Davidson's family was close friends with the previous owners of the house and had visited it frequently. Davidson's family had moved away by the time the Biddles bought the house in the mid-1990s.

By Christmas 2018, Biddle and Davidson were engaged, and so the Davidson family came to a holiday party at the Biddle family home. "I was really anxious about it before they came," Biddle, now 27, said. "Will they think we messed it up? Because we did change a lot. We put so much love and care into this home over the years, and the idea that someone already knew it and would be disappointed by what we did was a scary thought."

WHOSE HOUSE?

As Biddle and her mother gave the Davidsons a tour of the renovated four-bedroom house, Biddle, a writer, worried about what they would report back to the previous owners. "To have the house framed in that way is very weird, where it goes from 'our house' to 'their old house,'" said Biddle, who now lives in Germantown, N.Y., with Davidson, 28, whom she married in June.

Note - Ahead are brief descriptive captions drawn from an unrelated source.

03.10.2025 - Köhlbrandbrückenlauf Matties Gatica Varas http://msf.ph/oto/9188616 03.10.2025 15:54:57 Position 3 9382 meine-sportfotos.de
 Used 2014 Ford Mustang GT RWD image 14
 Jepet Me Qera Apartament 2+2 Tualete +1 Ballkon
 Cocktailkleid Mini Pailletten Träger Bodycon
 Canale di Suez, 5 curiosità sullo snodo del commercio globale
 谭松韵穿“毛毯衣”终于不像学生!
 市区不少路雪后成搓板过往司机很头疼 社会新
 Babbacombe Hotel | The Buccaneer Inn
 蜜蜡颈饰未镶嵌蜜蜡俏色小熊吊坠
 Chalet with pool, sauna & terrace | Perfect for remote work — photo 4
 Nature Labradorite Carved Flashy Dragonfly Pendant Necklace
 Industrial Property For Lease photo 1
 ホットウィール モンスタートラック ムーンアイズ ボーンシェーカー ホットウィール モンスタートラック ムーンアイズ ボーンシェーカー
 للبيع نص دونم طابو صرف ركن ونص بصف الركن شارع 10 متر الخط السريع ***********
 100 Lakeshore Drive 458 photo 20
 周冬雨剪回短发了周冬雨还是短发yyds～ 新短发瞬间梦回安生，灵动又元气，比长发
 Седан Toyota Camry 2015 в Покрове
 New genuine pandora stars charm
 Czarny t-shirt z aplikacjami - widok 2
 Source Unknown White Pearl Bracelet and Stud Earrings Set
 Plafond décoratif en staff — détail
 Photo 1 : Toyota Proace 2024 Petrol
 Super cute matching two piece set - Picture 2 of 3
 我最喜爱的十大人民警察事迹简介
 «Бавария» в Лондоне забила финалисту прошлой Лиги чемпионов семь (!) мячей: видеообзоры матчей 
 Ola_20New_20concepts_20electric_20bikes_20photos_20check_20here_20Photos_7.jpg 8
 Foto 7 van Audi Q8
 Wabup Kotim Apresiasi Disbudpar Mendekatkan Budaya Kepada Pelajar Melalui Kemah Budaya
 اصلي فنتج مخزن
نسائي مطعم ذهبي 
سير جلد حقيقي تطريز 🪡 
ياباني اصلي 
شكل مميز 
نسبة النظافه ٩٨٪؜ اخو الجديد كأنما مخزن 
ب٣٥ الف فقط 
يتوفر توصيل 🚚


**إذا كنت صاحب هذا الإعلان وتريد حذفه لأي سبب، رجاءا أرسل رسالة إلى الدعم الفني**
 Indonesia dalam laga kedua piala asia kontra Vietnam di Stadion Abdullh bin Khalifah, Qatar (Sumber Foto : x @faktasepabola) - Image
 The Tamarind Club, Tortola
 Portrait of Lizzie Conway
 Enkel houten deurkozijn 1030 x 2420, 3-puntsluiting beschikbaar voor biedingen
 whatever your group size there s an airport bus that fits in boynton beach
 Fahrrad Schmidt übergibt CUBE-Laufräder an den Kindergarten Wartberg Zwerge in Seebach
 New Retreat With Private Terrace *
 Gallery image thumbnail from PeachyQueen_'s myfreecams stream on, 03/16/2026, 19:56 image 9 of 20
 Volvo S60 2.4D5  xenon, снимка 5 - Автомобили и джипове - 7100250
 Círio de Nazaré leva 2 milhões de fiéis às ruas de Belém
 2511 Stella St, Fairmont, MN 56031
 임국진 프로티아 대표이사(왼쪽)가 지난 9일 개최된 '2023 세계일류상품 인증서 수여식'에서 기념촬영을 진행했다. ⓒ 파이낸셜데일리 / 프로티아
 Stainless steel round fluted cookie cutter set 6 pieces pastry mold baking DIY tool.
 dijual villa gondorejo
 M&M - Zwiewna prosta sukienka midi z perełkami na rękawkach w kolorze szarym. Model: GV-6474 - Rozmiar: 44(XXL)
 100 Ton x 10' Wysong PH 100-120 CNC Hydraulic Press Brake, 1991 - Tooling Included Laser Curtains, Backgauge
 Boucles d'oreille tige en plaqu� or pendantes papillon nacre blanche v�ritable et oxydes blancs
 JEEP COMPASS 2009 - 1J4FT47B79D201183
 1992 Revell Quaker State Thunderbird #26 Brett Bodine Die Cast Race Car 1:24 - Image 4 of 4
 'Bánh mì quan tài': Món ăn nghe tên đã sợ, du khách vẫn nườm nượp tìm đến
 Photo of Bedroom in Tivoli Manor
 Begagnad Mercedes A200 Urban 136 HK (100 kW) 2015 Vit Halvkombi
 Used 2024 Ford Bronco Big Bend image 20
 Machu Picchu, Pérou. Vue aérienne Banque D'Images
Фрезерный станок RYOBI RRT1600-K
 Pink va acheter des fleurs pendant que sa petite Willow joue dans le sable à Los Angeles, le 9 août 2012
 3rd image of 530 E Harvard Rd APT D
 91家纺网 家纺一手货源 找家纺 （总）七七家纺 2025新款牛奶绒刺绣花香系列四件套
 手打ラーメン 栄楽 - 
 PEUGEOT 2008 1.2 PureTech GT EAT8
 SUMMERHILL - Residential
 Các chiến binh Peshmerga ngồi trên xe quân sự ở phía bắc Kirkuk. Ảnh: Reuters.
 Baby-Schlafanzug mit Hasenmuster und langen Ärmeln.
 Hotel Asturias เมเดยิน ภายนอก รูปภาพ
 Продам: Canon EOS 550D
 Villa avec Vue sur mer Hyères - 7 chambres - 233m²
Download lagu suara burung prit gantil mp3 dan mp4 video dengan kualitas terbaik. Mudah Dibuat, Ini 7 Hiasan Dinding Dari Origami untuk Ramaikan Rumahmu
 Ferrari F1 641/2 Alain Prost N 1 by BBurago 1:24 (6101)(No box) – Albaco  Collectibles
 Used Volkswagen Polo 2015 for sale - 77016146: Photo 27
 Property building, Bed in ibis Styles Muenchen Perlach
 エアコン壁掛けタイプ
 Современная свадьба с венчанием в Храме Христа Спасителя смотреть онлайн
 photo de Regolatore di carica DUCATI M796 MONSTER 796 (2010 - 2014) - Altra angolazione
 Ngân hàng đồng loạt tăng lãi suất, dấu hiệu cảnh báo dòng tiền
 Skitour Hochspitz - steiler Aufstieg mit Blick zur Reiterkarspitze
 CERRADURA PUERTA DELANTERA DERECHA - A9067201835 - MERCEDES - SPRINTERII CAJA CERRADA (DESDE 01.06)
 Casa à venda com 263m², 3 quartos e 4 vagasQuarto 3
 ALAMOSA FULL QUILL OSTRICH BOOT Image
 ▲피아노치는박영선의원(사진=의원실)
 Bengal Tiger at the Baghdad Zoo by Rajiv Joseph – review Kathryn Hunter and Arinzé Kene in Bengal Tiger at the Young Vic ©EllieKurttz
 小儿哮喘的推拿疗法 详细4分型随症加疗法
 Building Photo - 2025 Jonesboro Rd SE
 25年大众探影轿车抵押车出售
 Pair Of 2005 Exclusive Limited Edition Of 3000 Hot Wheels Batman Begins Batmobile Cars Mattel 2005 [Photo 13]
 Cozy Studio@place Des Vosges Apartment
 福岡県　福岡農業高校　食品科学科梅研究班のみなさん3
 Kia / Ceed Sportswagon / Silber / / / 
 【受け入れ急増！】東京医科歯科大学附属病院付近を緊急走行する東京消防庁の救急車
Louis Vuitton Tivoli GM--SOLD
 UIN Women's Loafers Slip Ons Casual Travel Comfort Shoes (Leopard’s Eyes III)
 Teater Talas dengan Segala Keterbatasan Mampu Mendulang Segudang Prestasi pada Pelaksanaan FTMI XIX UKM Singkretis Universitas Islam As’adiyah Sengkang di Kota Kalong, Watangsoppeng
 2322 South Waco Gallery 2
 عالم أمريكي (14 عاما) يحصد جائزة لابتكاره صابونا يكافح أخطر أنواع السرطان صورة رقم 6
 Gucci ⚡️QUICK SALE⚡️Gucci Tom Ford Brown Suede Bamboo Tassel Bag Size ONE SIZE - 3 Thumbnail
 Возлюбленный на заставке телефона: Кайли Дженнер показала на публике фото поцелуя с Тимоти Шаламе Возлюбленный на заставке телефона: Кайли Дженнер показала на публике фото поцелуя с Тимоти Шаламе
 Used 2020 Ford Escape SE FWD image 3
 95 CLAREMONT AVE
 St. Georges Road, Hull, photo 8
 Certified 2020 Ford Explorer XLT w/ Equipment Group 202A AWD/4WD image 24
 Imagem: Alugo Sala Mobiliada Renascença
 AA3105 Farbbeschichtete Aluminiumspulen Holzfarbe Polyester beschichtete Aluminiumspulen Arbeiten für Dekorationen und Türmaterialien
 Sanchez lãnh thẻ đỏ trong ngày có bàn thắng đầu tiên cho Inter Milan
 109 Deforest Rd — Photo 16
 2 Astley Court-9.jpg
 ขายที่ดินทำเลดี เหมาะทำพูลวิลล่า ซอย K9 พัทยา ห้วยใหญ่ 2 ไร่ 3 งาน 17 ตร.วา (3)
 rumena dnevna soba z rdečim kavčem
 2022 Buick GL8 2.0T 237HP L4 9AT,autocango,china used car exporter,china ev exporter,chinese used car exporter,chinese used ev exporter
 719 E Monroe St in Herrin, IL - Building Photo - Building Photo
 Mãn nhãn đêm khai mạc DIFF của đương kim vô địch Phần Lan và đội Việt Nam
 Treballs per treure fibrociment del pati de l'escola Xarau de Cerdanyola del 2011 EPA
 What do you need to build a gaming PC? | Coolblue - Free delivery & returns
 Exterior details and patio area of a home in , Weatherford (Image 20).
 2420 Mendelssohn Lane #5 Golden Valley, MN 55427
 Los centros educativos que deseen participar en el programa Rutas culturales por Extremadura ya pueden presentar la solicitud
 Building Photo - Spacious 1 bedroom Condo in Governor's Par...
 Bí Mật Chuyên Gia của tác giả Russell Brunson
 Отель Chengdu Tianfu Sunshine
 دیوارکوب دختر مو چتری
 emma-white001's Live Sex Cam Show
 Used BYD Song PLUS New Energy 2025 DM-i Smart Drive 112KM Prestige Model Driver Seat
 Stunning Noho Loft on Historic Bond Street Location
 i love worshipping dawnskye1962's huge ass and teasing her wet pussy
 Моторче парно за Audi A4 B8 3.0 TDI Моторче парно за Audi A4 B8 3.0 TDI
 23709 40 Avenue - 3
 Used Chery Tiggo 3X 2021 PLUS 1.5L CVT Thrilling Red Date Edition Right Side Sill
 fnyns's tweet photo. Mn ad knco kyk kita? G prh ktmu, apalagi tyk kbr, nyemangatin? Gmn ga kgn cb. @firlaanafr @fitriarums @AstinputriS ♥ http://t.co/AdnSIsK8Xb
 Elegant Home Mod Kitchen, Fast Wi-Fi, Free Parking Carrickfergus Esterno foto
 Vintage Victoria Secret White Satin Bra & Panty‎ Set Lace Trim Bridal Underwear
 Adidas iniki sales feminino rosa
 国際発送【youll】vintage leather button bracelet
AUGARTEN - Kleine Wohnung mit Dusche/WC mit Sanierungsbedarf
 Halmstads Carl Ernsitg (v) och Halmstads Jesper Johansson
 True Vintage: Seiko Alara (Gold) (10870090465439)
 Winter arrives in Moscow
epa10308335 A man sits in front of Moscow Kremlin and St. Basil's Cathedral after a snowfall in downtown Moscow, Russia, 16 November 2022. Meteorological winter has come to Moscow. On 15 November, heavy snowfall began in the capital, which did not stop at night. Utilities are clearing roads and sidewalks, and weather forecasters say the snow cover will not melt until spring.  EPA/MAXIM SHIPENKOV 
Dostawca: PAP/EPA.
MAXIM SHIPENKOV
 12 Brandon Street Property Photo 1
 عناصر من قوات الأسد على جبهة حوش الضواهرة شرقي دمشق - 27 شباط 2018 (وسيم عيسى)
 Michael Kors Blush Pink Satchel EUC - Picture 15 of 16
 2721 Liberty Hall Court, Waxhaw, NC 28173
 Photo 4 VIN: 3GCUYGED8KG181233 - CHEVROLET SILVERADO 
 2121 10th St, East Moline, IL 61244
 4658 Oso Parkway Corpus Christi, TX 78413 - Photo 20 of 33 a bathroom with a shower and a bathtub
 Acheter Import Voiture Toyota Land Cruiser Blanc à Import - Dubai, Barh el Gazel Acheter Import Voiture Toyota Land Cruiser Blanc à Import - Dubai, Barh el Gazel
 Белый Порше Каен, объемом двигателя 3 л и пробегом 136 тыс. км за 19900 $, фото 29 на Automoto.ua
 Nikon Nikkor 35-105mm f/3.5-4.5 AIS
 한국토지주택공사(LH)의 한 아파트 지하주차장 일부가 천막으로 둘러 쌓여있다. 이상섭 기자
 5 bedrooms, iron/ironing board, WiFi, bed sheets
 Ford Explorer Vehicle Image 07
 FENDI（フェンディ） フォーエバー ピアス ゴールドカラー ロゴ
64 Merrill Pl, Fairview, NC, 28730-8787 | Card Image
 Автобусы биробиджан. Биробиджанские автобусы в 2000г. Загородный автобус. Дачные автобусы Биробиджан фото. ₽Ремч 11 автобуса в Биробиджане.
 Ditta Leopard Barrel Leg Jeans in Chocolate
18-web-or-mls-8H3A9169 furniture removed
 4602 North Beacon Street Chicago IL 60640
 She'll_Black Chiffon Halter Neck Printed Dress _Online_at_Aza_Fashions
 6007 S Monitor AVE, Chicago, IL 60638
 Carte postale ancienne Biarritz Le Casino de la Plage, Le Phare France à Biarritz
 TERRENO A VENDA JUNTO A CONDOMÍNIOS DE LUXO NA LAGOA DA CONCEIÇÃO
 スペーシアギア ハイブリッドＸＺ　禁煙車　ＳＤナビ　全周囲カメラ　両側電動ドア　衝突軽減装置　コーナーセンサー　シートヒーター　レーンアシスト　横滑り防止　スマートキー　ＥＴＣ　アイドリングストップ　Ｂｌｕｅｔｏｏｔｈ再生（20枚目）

During the party, Davidson gathered on the front porch with his parents and sisters to take family pictures to send to the previous homeowners. Biddle was baffled by their enthusiasm for her house and felt strange as she snapped the family photo that did not include her family. "The idea of someone else caring enough about the house to want a picture on the porch of it, felt slightly strange," she said. "It's mine. I'm greedy."

Of course, the house will always be Biddle's childhood home. But it was someone else's, too. The collision of the two worlds made clear that her life there was but one chapter in the life of the house.

In the years since I visited my old home, my childhood memories have remained intact, and separate from those of the house I visited that afternoon. Yes, I remember the new open layout, but that version doesn't compete with my memories of Thanksgivings spent in our cozy dining room, with my mother walking through the swinging door from the kitchen carrying hot serving platters.

Even though I can still vividly remember those Italian tiles in my parent's bathroom, I cannot, for the life of me, remember what that new bathroom even looked like.